Along with Braxton and his reeds, the group constants are Taylor Ho Bynum playing cornets and trombone; tubist Dan Peck and harpist Jacqui Kerrod. Another harpist – there are three others – is always present; accordionist Adam Matlock appears on 11 of the pieces; cellist Tomeka Reid appears on eight; violinist Jean Cook on three; saxophonist Ingrid Laubrock and trumpeter Stephanie Richards figure in the nonet’s four performances. The harps, strings and accordion are key to the music’s special qualities: it is often sweeping, fluid and delicate, though those dreamlike and gentle textures mingle and fuse with the diverse sounds supplied by the winds. Braxton’s own alto saxophone can range from silky sweet to abrasive, and he also brings along instruments ranging from sopranino saxophone to contrabass clarinet.  

Braxton provides extensive notes in an accompanying booklet, and they’re as rich and playful as the music, which can sound as natural as a convergence of streams in a pond: “the notated material is positioned on top of an ‘unstable metric gravity’. This is a ‘wobbly music architecture’.” This multiple and unpredictable movement defines the music, a brilliant confluence of composed and improvised elements, a sonic flux of such delicacy that rhythmic, tonal and timbral incongruities combine to suggest an immersion in the spirit of change. 

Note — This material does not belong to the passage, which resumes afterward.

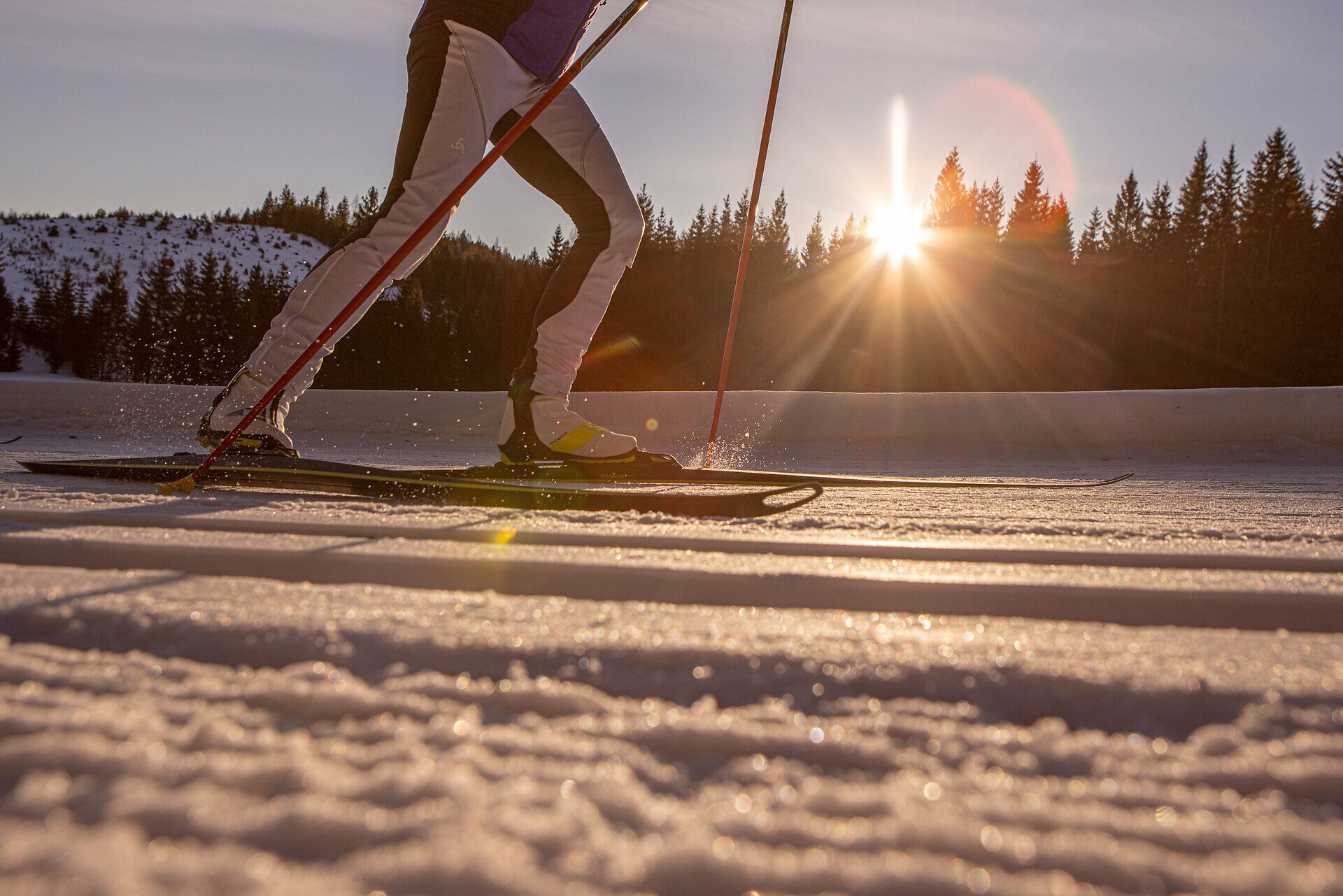 Die Sonne geht hinter den schneebedeckten Bergen auf und taucht die Landschaft in goldenes Licht. Langläufer gleiten elegant über die glitzernde, frische Schneedecke und genießen die ruhige, klare Winterluft. Ein unvergessliches Erlebnis für alle Wintersportbegeisterten in dieser malerischen Umgebung.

Braxton has previously remarked that “I want the undefined component of my music to be on an equal par with the defined component,” and it’s a goal that he continues to extend here. If James Joyce’s Finnegans Wake is the most musical of books, Braxton’s ZIM is its double, diverging concordances passing over and through one another in a babbling dream discourse, free in some sense that music rarely is, as diverse in its methods as in its favoured sonorities, from those sibilant saxophones to brash brass blasts and hand-swept harp strings.

Whichever iteration of the group appears, the performance suggests it’s the ideal scale. As broad as the invention becomes, there’s always a sense of meaning rather than mere novelty, each event arising with its own certainty, however realized, an inevitability in accord with the logic of a dream, including a strange nonet passage in Composition No.415 in which Peck’s tuba wanders in a field of sudden pointillist punctuations from the other winds.  

By the time the septet reaches the final performances at London’s Café OTO, the pieces have stretched past the 70-minute mark and the strange fusions, mergers and discontinuities are ever more fully realized, the group pressing further and further into new territories, all the way to brief and uncredited vocal outbursts. On Composition No.420, Braxton’s alto initially fuses with the accordion and two harps; later he matches his sopranino’s whistle with Cook’s violin, which can also suggest an erhu; Bynum’s cornet flutters on a carpet of strummed harps, then whispers while the harpists diverge, one maintaining conventions while the other becomes percussionist and guitarist, striking the frame, slapping chords and picking a sparse melody. At times there’s an aviary in Braxton’s horns, from goose squawk to piping sparrow, while Peck’s tuba emits a low frequency hum that seems momentarily electronic. Toward the end, anarchic near-New Orleans jazz explodes and a harp sounds like elastic bands.    

Braxton’s ZIM is music of surprise. These are broad aural canvases in which the participants surprise themselves as well as one another, reaching toward a collective music that breeds in myriad individual encounters and in which close conversationalists will come to finish one another’s sentences – a saxophone’s phrase becoming an accordion’s. It’s the sound of recognition and empathy, one mind, like one sound, becoming another.  

Editor’s Note: Stuart Broomer is the author of Time and Anthony Braxton (Toronto: The Mercury Press, 2009).